Antoine renounces his biographical study, asserting that “an existant can never justify the existence of another existant” (178). He turns to writing fiction instead. Antoine believes that writing purely in the realm of essence, without pretending to use writing to understand the historical past, might allow him to accept himself (178). He believes that writing a work of fiction and reflecting back on it will allow him to repair his connection to his past from a future vantage point.

Antoine decides that he must contain his writing to the realm of fiction because his future self will have the ability to clarify and reconnect to his own past. Restraining his writing to the realm of creative imagination is a way for Antoine to rectify his own bad faith behavior: The realm of the speculative and imagination is in authentic keeping with his views on words, objects, and existence. Antoine is deciding how to construct his life’s purpose in accordance with his revelations from Bouville. As an existentialist hero, Antoine is deciding how to shape himself in accordance with his freedom in a radically contingent world without lying to himself.

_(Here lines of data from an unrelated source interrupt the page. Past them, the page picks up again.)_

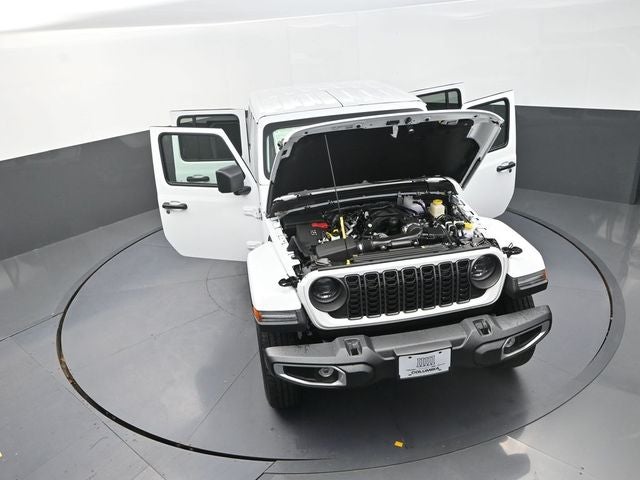 2026 Jeep Gladiator Sahara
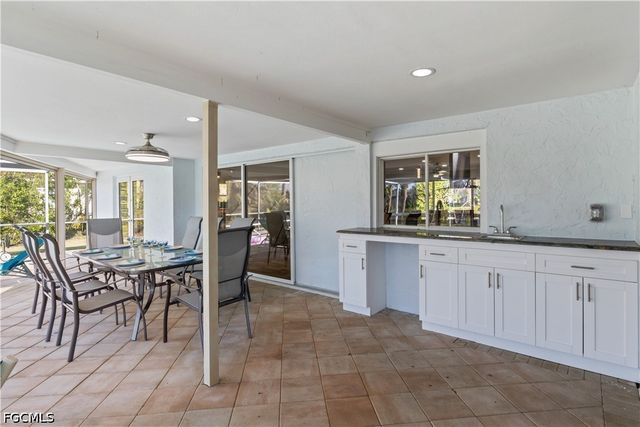 9421 Moonlight DR, Sanibel, FL 33957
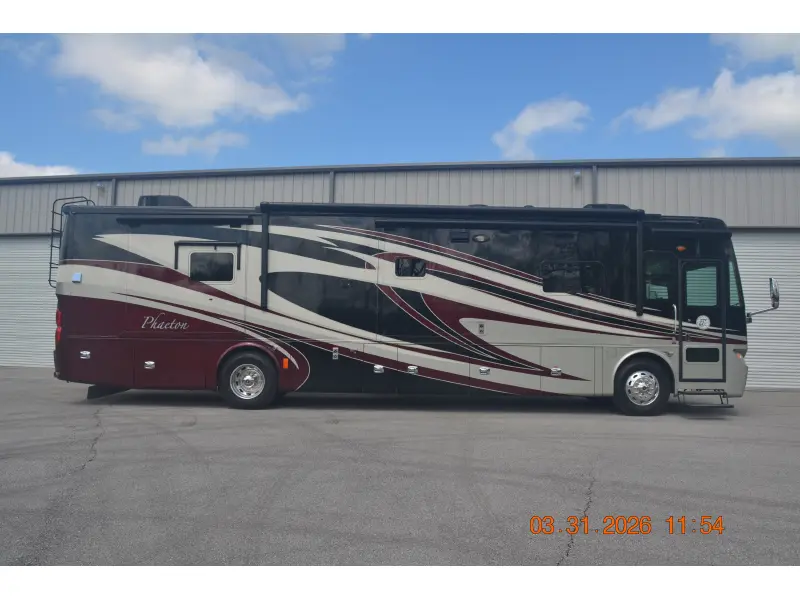 2014 Tiffin Motorhomes Phaeton 40 QTH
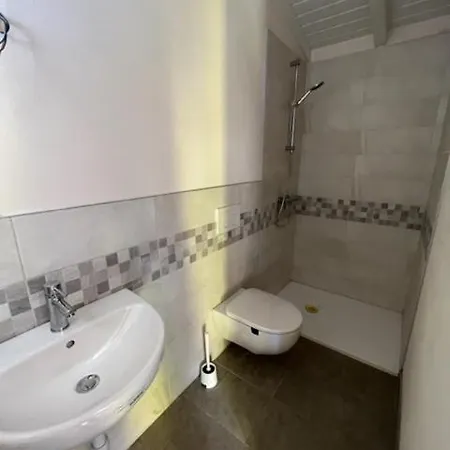 Lakeview & Κάμπινγκ *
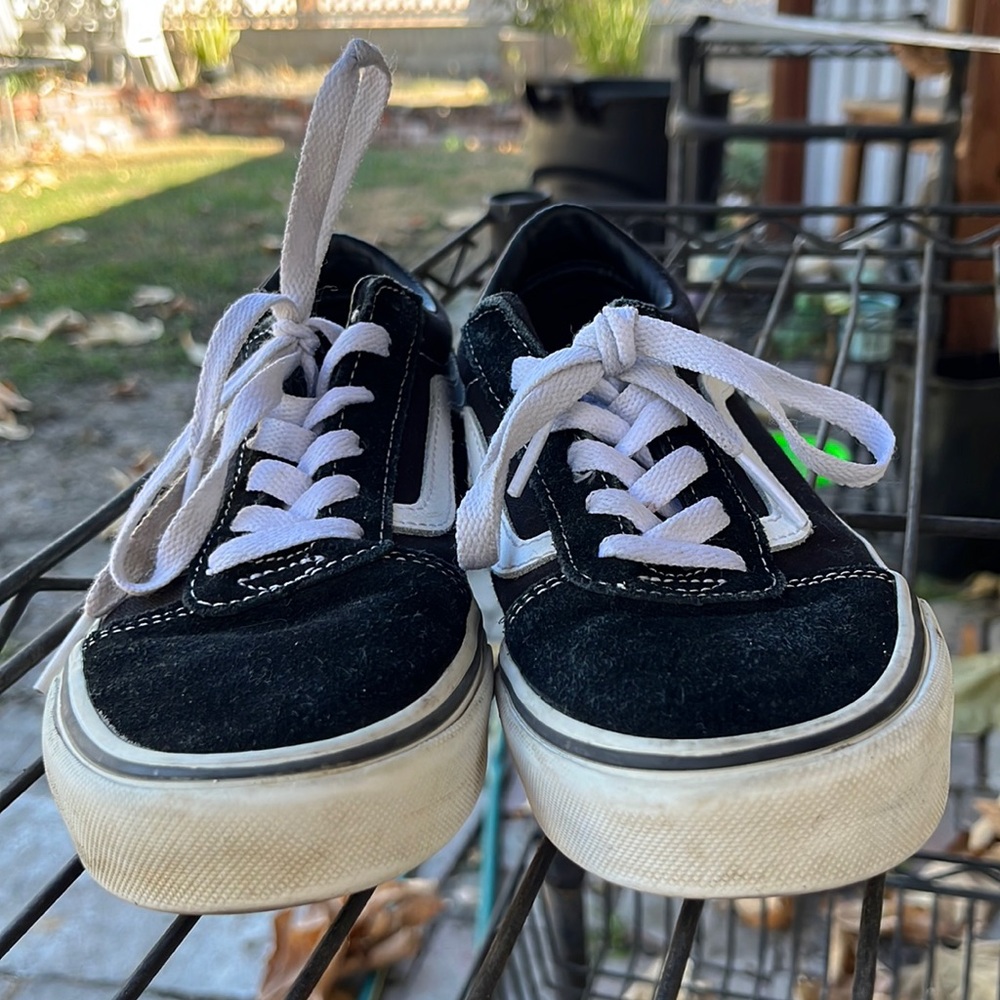 Vans Classic Youth Sneakers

Antoine’s disappointing reunion with Anny worsens his loneliness while heightening his sense of freedom. After Anny leaves, Antoine returns to Bouville and remarks, “I am free: there is absolutely no more reason for living […] My past is dead. […] Alone and free. But this freedom is rather like death” (156-57). Antoine believes he does not have the strength to start a new life again and is resigned to his “death” (156). Antoine’s relationship with freedom interrogates the connection between total freedom and human bonds. Though many human relationships have been shown throughout the novel to be hollow and operate on bad faith, Antoine still craves them: He is still a person, and he still needs other people. Antoine’s decision to write a novel on the final page of Nausea is couched in relation to other people. Antoine only wishes to write the novel because he imagines other people picking up the novel and admiring his existence in the way he admires the existence of the singer in his favorite jazz song. Sartre argues that Antoine’s loneliness requires a sacrifice of some portion of his complete freedom. Through Antoine’s existential journey, Sartre suggests that the only way to avoid bad faith and hollow living is to be aware that one is sacrificing one’s freedom to connect to others and recognize for what purpose that freedom is being sacrificed.